## Step 1: Import some packages 
As in often the case, we start our code by importing some Python modules. 

Remember: **Your code will not work** unless you run the cell in which the modules are imported.

In [None]:
# import python modules to use for analysis
import numpy as np
import pandas as pd
import os
from IPython.utils import io
import glob
import matplotlib.pyplot as plt
import ast
import time
from datetime import datetime
import warnings
warnings.filterwarnings('ignore')

# install package for fitting
install_psignifit = True

if install_psignifit:
    # stuff for fitting pphys
    # insert at 1, 0 is the script path (or '' in REPL)
    with io.capture_output() as temp:
        !pip install https://github.com/wichmann-lab/python-psignifit/zipball/master

import psignifit as ps

## Step 2: Define some functions
In the cell below we define two functions
    
    fit_ps
    
    plot_ps

that will fit fit the psychometric function and plot the data, respectively. You do not need to worry about the internal workings of those functions, although you are welcome to explore them if you are interested. 

Remember: **Your code will not work** unless you run the cell in which the functions are defined first. 

In [None]:
def fit_ps(stim_params, fit_data, n_trials, options=dict()):
    fit_data = np.vstack([np.array(stim_params), np.array(fit_data)*np.array(n_trials), np.array(n_trials)])
    if not options:
        options = dict();   # initialize as an empty dictionary
        options['sigmoidName'] = 'norm';   # choose a cumulative Gauss as the sigmoid  
        options['expType']     = 'equalAsymptote';   # choose 2-AFC as the experiment type  
                                   # this sets the guessing rate to .5 (fixed) and  
                                   # fits the rest of the parameters
    with io.capture_output() as captured:
        temp_params = ps.psignifit(fit_data.transpose(),options)
    threshold = ps.getThreshold(temp_params,.5)[0]
    slope = ps.getSlopePC(temp_params,.5)
    return temp_params, threshold, slope

def plot_ps(info_df, fit_params, participant, annotate=False, plot_function=False):
    # plot data from two experiments
    condition_list = ["same", "small"]
    
    if not participant in ["average", "averages", "mean", "means"]:
        if participant in info_df['ID'].to_list():
            cur_df = info_df.loc[info_df['ID'] == participant]
            idx = info_df[info_df['ID'] == participant].index[0]
            cur_params = [ x[idx-1] for x in fit_params ] 
            # use pse and slope from individual subject
            cur_pse = [cur_df["pse-{0}".format(c)].to_list()[0] for c in condition_list ]
            cur_slope = [cur_df["slope-{0}".format(c)].to_list()[0] for c in condition_list ]
        else:
            print("Unknown participant!
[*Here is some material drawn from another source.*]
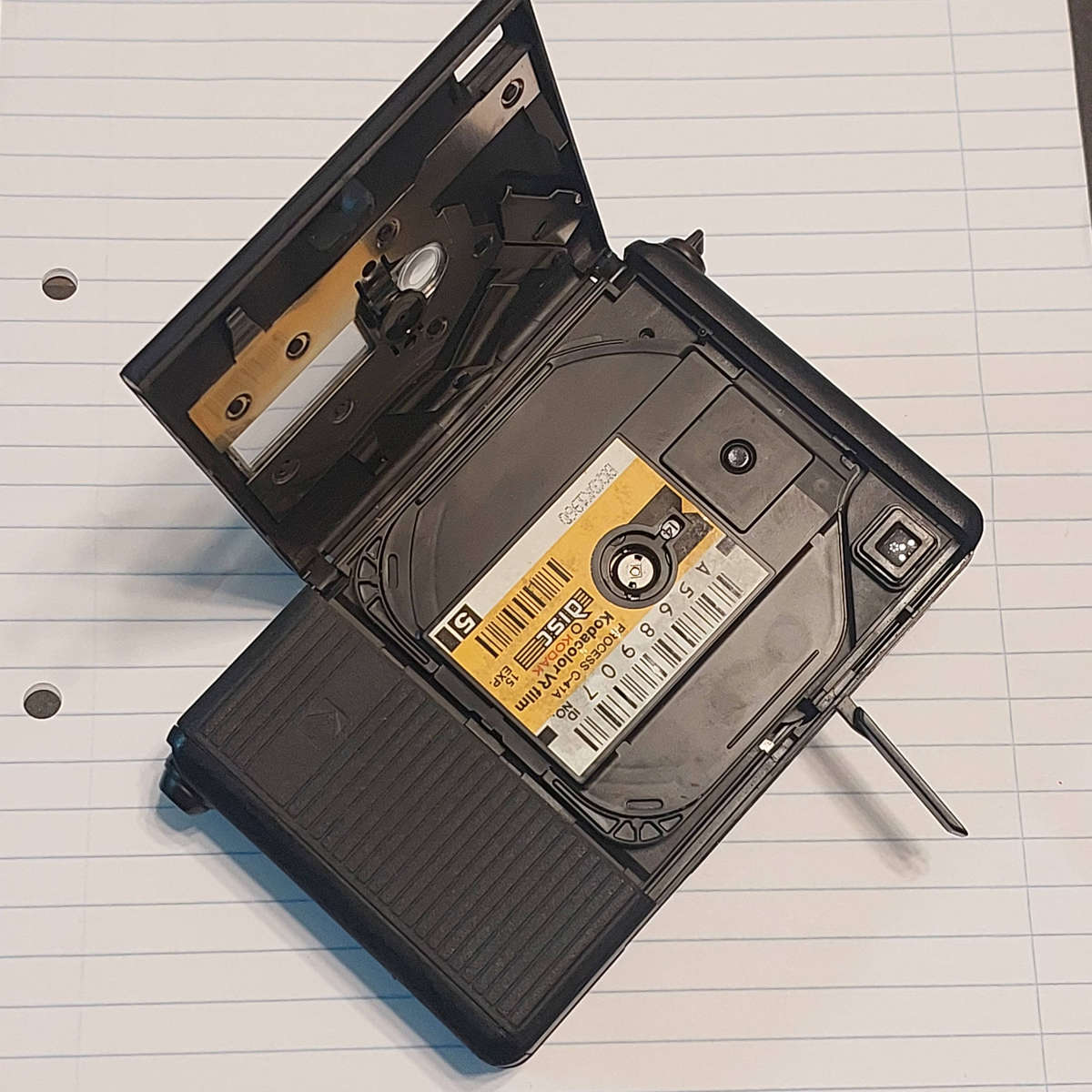 Kodak disc6000 (UNTESTED)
Try again!")
            return
    else:
        cur_df = info_df
        cur_params = [ x[-1] for x in fit_params ]
        # use pse and slope from average fit
        cur_pse = [cur_df["pse-{0}-avefit".format(c)].to_list()[0] for c in condition_list ]
        cur_slope = [cur_df["slope-{0}-avefit".format(c)].to_list()[0] for c in condition_list ]
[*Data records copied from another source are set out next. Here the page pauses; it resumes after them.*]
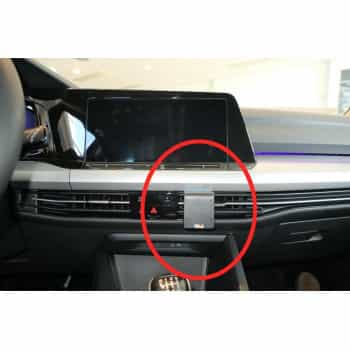 ProClip -Volkswagen Golf VIII 2020- Support central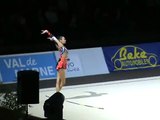 Aliya YUSSUPOVA (KAZ) rope - Thiais 2008 AA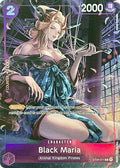 Black Maria (Premium Card Collection -BANDAI CARD GAMES Fest. 23-24 Edition-) (ST04-011) One Piece Promotion Cards Foil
    ps_kwargs = dict(plotData=False, showImediate=False, plotAsymptote=False)
    eb_kwargs = dict(linestyle='none', mfc='none', ms=8, clip_on=False)

    fig, ax = plt.subplots(1,2, figsize=[15,5])
    for t, data_type in enumerate(["rt", "testbigger"]):
        for c, cond in enumerate(condition_list):
            means = [cur_df["{0}-{1}-{2}".format(data_type, cond, str(x))].mean() for x in test_inner_sizes]
            stddev = [cur_df["{0}-{1}-{2}".format(data_type, cond, str(x))].std() for x in test_inner_sizes]
            n = [cur_df["{0}-{1}-{2}".format(data_type, cond, str(x))].count() for x in test_inner_sizes]
            stderr = [i / np.sqrt(j) for i, j in zip(stddev, n)]
            ci = [x * 1.96 for x in stderr]
            if cond is 'same':
                eb_kwargs["marker"]='o'
            else:
                eb_kwargs["marker"]='s'
            e_h = ax[t].errorbar(test_inner_sizes, means, yerr=ci, label=condition_list[c]+ " inducers", **eb_kwargs)
            ax[t].set_xticks(test_inner_sizes)
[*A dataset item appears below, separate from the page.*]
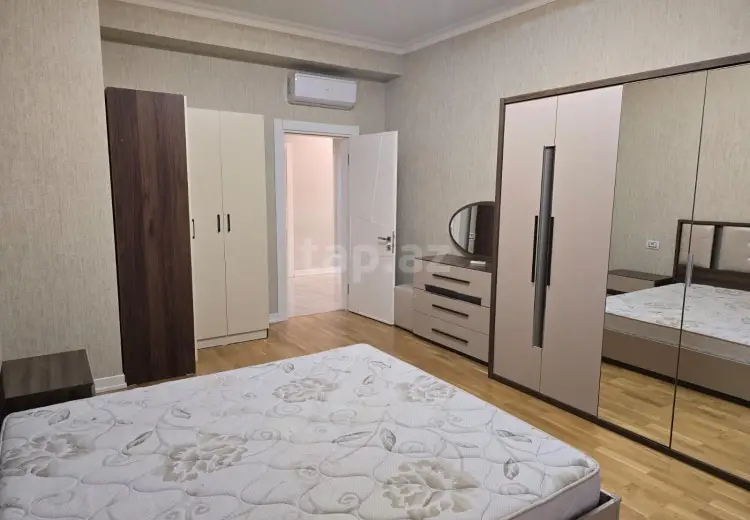 3 otaqlı mənzil , Bakı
            if data_type == 'rt':
                ax[t].set_ylim([0,5000])
            else:
                ax[t].set_ylim([0,1])
            if "testbigger" in data_type:
                title_str = 'Responses'
                ylabel_str = "test > ref"
                many_xx = np.linspace(20, 30)
                if plot_function:
                    ps.psigniplot.plotPsych(cur_params[c], axisHandle=ax[t],lineColor=e_h[0].get_color(), **ps_kwargs)
                ax[t].plot((10, 40), (0.5, 0.5), 'k:')
                
                if annotate:
                    if cond is "same":
                        ax[t].text(26, 0.40, "PSE = {:.2f}, slope = {:.2f}".format(cur_pse[c], cur_slope[c]), color=e_h[0].get_color())
                    else:
                        ax[t].text(26, 0.45, "PSE = {:.2f}, slope = {:.2f}".format(cur_pse[c], cur_slope[c]), color=e_h[0].get_color())
            else:
                title_str = 'Reaction Time'
                ylabel_str = "RT (ms)"
            ax[t].set_xlim([19,31])  

            ax[t].set_xlabel("inner test size (ref: 25)")
            ax[t].set_ylabel(ylabel_str)
            ax[t].title.set_text(title_str)
            ax[t].legend()

## Step 3: Get the data from Open Science Foundation
The data files are shared in an public repository at the [Open Science Foundation](https://osf.io/s6mxd/]). The code below simply grabs the data and makes it accessible to the current workbook.

In [None]:
!osf --project s6mxd clone

## Step 4: Load and organize the data from each participant

The code below loads in the individual data files in csv format that each participant, including you, created when they did the experiment. When running an experiment online, you would normally have some sort of back-end that saves the files automatically somewhere, so you do not have to trust your participant to send you the raw data. 

In [None]:
data_dir = ["s6mxd/osfstorage/data"]

# define empty lists that will hold the number of subjects, rejected subjects and test subjects
sub_count = [0]*len(data_dir)    # included datasets
reject_count = [0]*len(data_dir) # complete datasets, but rejected due to performance
test_count = [0]*len(data_dir)   # incomplete test datasets

complete_subs = [] # subjects that produced complete datasets

prac_n = 16 # number of practice trials
exp_n = 160 # number of experiment trials

info_df = pd.DataFrame()

for e, cur_dir in enumerate(data_dir):
    file_list = glob.glob(cur_dir + "/**/psyc4260*.csv") + glob.glob(cur_dir + "/**/nrsc2200*.csv")
    file_list.sort()
    exp_subs = [] # list to hold the subjects in this experiment
    for file in file_list:
        # load the data
        try:
            sub_data = pd.read_csv(file)
            if "trial_type" not in sub_data:
                sub_data = pd.read_csv(file, skiprows=1)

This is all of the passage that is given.